Both seem plausible. I'd bet on somewhere in between, but I'm not confident enough to tell anyone starting out that they should ignore the risk entirely.

The tractor analogy continues to work. Take a look at right to repair.

I think the main "concern" is that Senior devs, code, essentially the entire current working body of programmers is going to bootstrap AI, and once they're gone, they'll be no one to replace them. And at that point, there's no fall back system.

IMO: Its going to. But, organizations which frame this replacement as "we're going to fire you and replace you with AI" are going to crash and burn. Instead, we're just seeing per-engineer and per-team productivity increase, and that productivity begins to outpace other bottlenecks in your company process, and you hit another wall. When faced with that second wall, some companies will naturally interpret this as "ok we don't need to hire more engineers". Other companies will try to apply AI (or hire humans) to fix that bottleneck, then go back to hiring engineers.

The dream of a Jira integration directly wired to an autonomous system to quickly close stories with no human intervention will remain a dream for a long time for anything except the lowest-level 10% of stories. Its not interactive enough; the feedback loop needs to be tighter, the vibes need to be conversational, and businesses will get the most value out of the pilot in the chair being someone who in years past called themselves a software engineer. I think we still will; the tools just change.

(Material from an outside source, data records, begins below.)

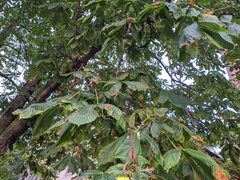 Phyllosticta sphaeropsoidea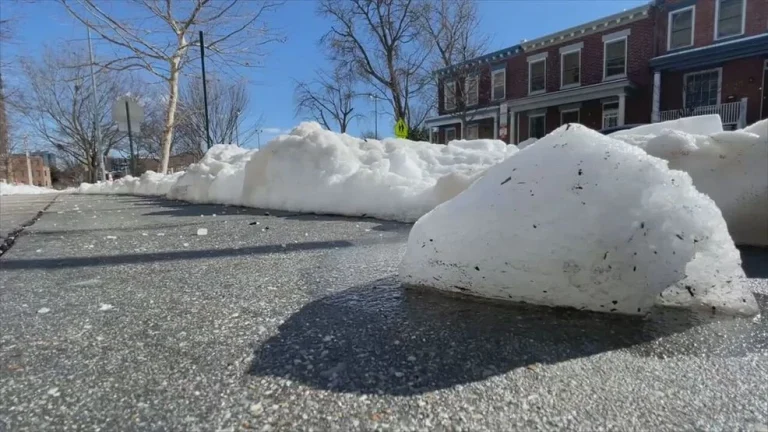 DC weather: Washington, DC faces freezing start before gradual warmup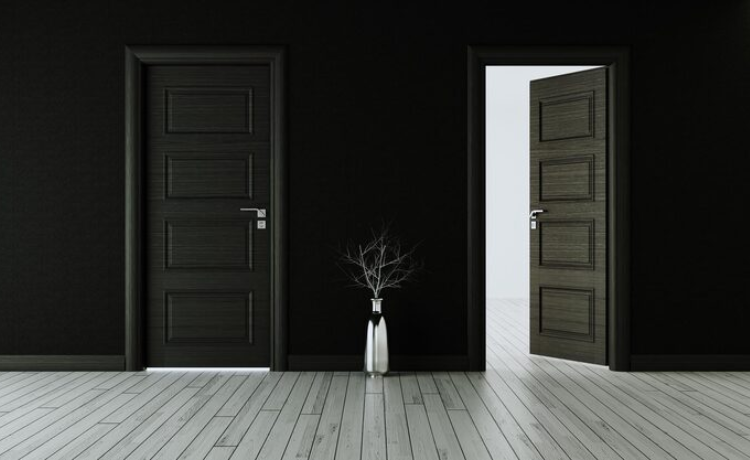 black interior doors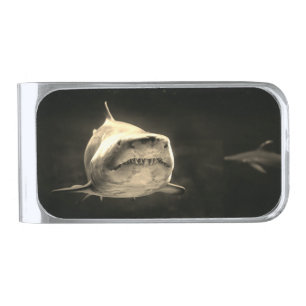 Shark Money Clip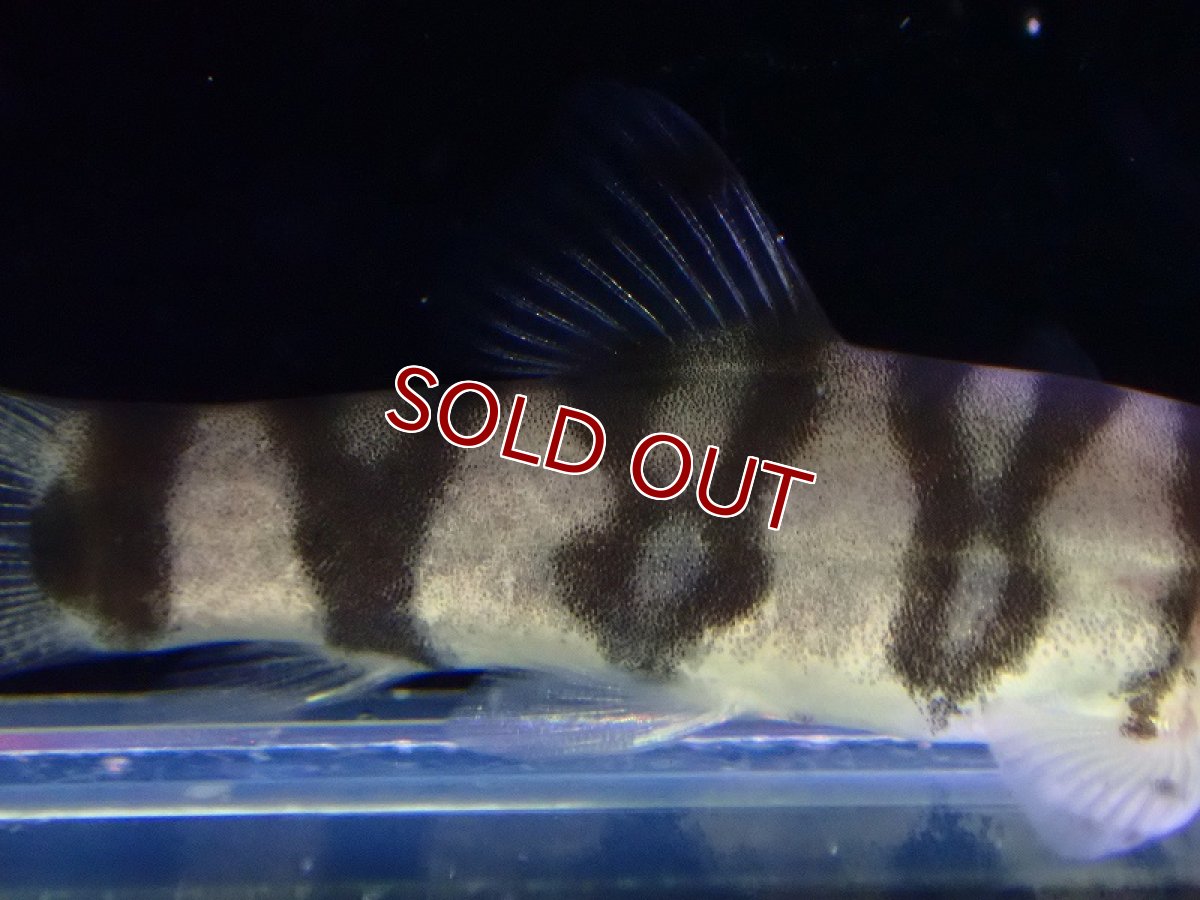 画像3: 【淡水魚】【通販】パキスタンローチ【１匹 サンプル画像】(コイ科)(生体)(熱帯魚)NK (3)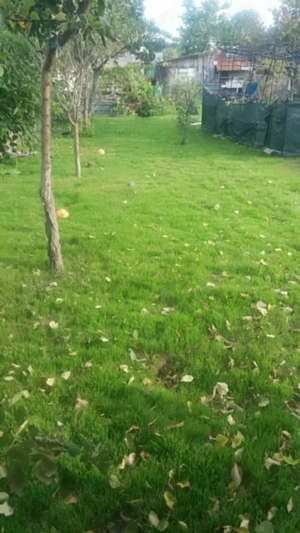 Direct propietar CASE+ GRADINA de vanzare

I have several thoughts on this.

1. The common (and correct) claim that software engineering is not just about writing code (counter argument, with time, AI will be able to take on planning, debugging. Counter counter argument: if you ever tried just do what customers ask, you will get conflicting requirements, humans will need to help AI make decisions, not implement them)

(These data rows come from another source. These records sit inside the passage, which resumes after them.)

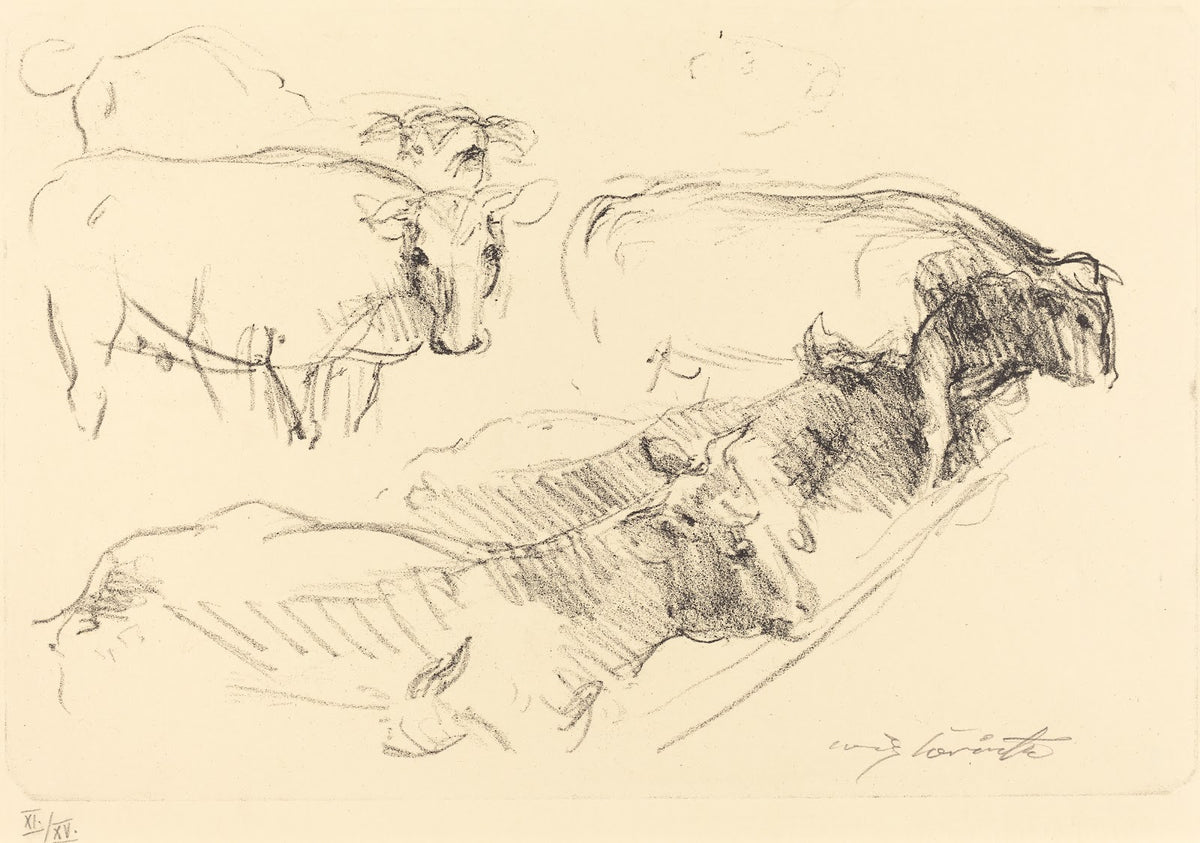 Cows Kühe 1910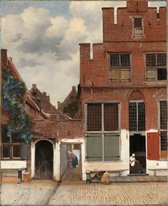 Het straatje op aluminium - Wandeko | Staand 80x100cm | Johannes Vermeer | Dibond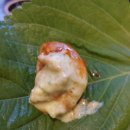 신림로68길 | 신림 곱창 맛집 곱창왕 꾸울꾸울 야채곱창 알곱창 리얼후기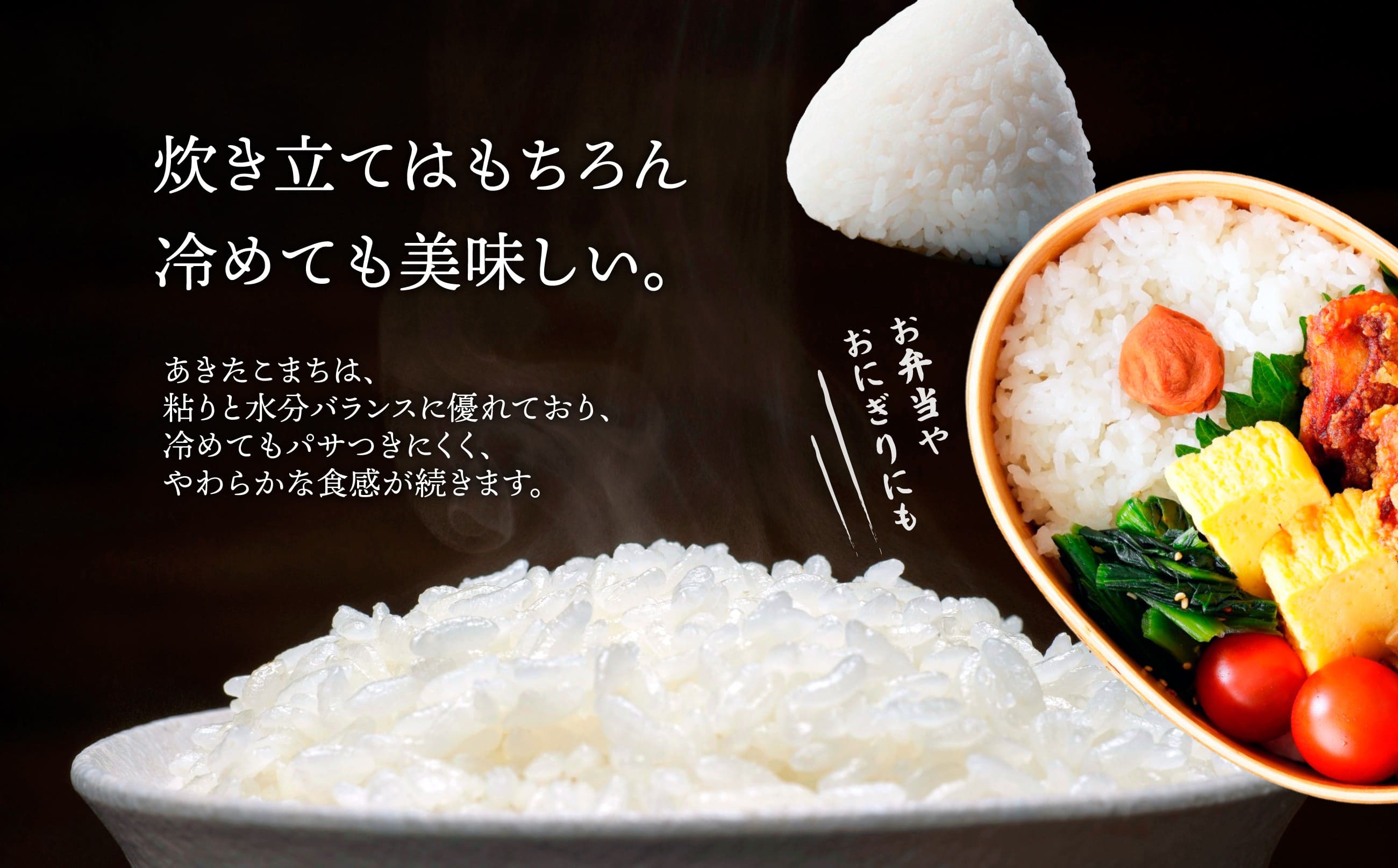 【ふるさと納税】米 5kg あきたこまち 白米 令和7年産 秋田県産 国産 お取り寄せ 精米 食品 おにぎり 弁当 もちもち 粘り 弾力 旨み 冷めてもおいしい 専用箱付き 東北 秋田県 送料無料 農協 JAあきた北精米センター 60P9019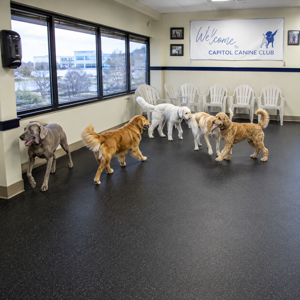 How to Help Your Dog Adjust to Their First Dog Boarding McLean VA Stay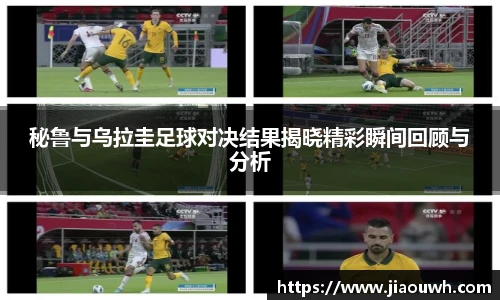 中欧体育平台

2. Related to the above, as long as a good software engineer + AI brings more ROI than a mediocre engineer + AI that brings more ROI than a random person + AI that brings more ROI than just AI, it will be economically wise to hire more good engineers to beat your competitors who just opted to save money and fired their engineering team. Salaries might go down but for top talent, eg imagine an “AI whisperer” that can not be a 10x engineer but a 1000x because they know how to get the most out of Claud code / cursor. They will be paid accordingly.

3. Jevons paradox - perhaps making software ubiquitous, cheaper to make, will actually make software engineers in larger demand

AI may replace the need for coding but not the need for understanding how it works. It is as simple as that.

We still need / want to study physics to understand the universe despite the fact that it is a process that we have no control over.

AI is the same. Even when code is written by AGI you still need to be able to understand what it is and how it works.

The alternative is complete abdication and resembles a lot more like religion or even a cult.

Trust but verify.

It won't replace all engineers, but it will replace many. Code is no longer some precious resource. You now turn on the tap and code flows out, and it requires only so many people to turn on a tap.
The problem is that your boss might think it can replace you, not really understanding what you are doing and how you are doing it.
Depends how rigid your definition is.

Typing code will be replaced, but that’s okay. Because for me, typing and not making typos while keeping a high level plan in your head - is bloody awful.